*Instructions to follow*. For this exercise, write out the whole listing below exactly, omitting its images.

*Dataset excerpt*.

+ + + + + + +

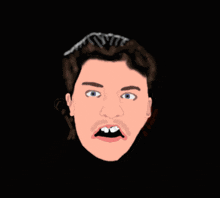 a cartoon drawing of a man 's face with a crown on his head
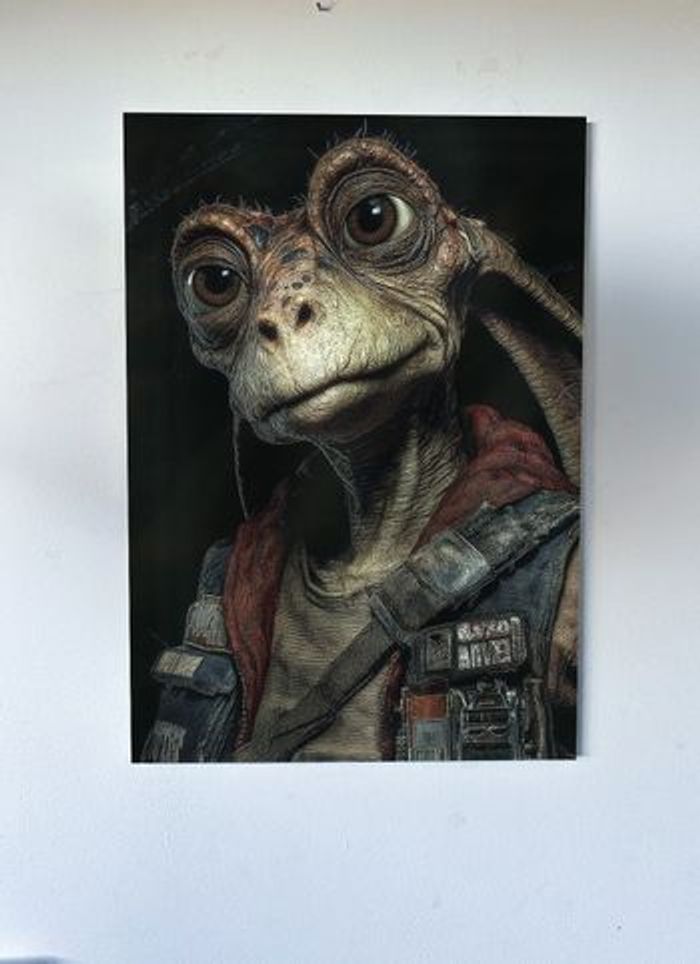 Poster métallique 30cm x 42cm JarJar Starwars  Porte + aimant mural fourni.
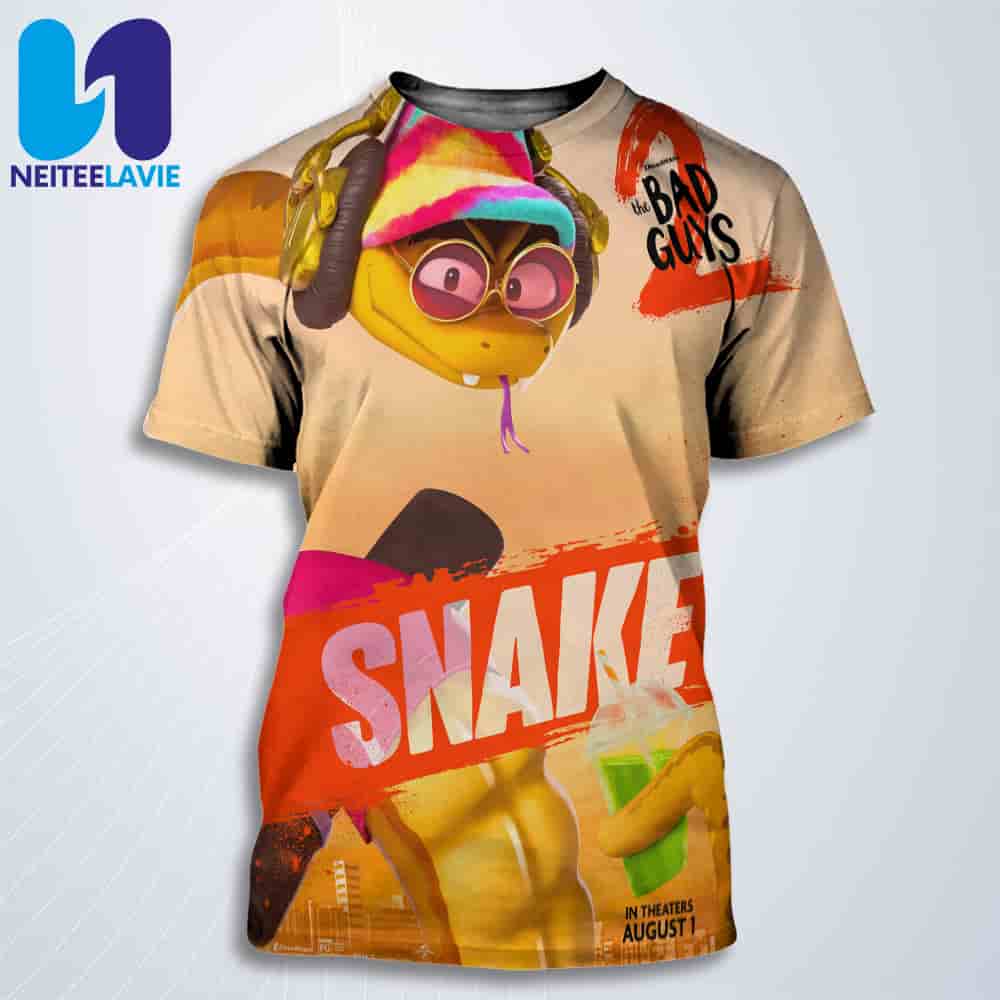 Official Poster Snake The Bad Guys 2 All Over Print T-Shirt Official Poster Snake The Bad Guys 2 All Over Print T-Shirt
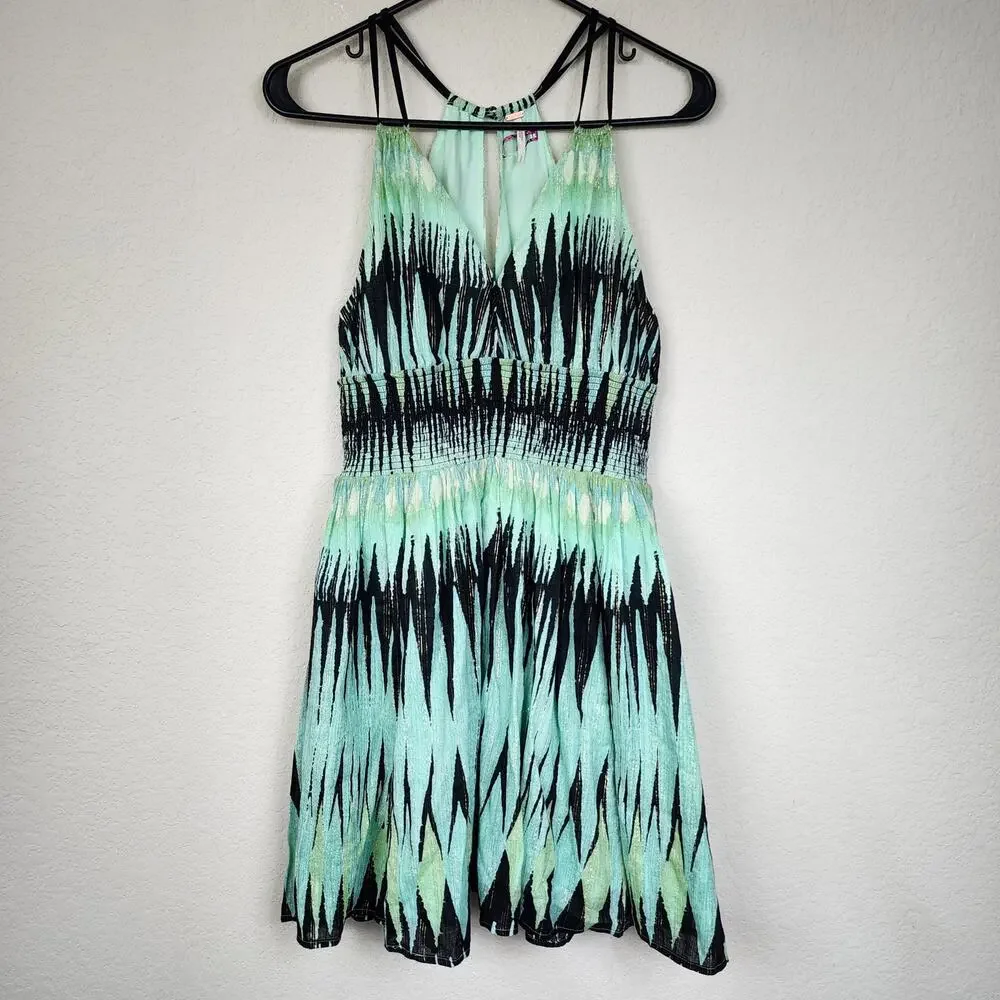 Free People Black Green Mini Metallic Fit Flare Dress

+ + + + + + +

*Solution to the exercise*.
 a cartoon drawing of a man 's face with a crown on his head
 Poster métallique 30cm x 42cm JarJar Starwars  Porte + aimant mural fourni.
 Official Poster Snake The Bad Guys 2 All Over Print T-Shirt Official Poster Snake The Bad Guys 2 All Over Print T-Shirt
 Free People Black Green Mini Metallic Fit Flare Dress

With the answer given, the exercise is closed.